■ Data segment ■
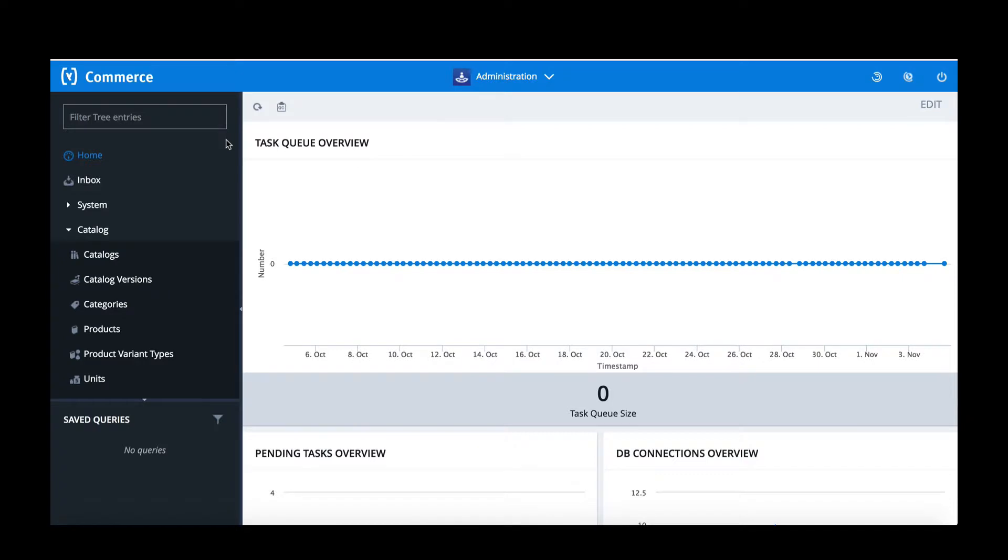In this tutorial we're going to be discussing how to trigger a catalogue synchronisation between a staged and online catalogue in SAP Hybris.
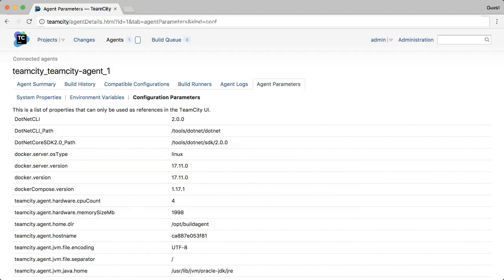Once installed, to confirm that TeamCity has found the .NET CLI, come over and look for a .NET CLI configuration parameter.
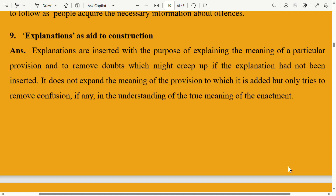Explanations are inserted with the purpose of explaining the meaning of a particular provision and to remove doubts which might creep up if the explanation had not been inserted. It does not expand the meaning of the provision to which it is added, but only tries to remove confusion, if any, in the understanding of the true meaning of the enactment.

■ Assigned task ■
Please retype the listing in full, exactly as given, and skip every image.

■ Answer ■
In this tutorial we're going to be discussing how to trigger a catalogue synchronisation between a staged and online catalogue in SAP Hybris.
Once installed, to confirm that TeamCity has found the .NET CLI, come over and look for a .NET CLI configuration parameter.
Explanations are inserted with the purpose of explaining the meaning of a particular provision and to remove doubts which might creep up if the explanation had not been inserted. It does not expand the meaning of the provision to which it is added, but only tries to remove confusion, if any, in the understanding of the true meaning of the enactment.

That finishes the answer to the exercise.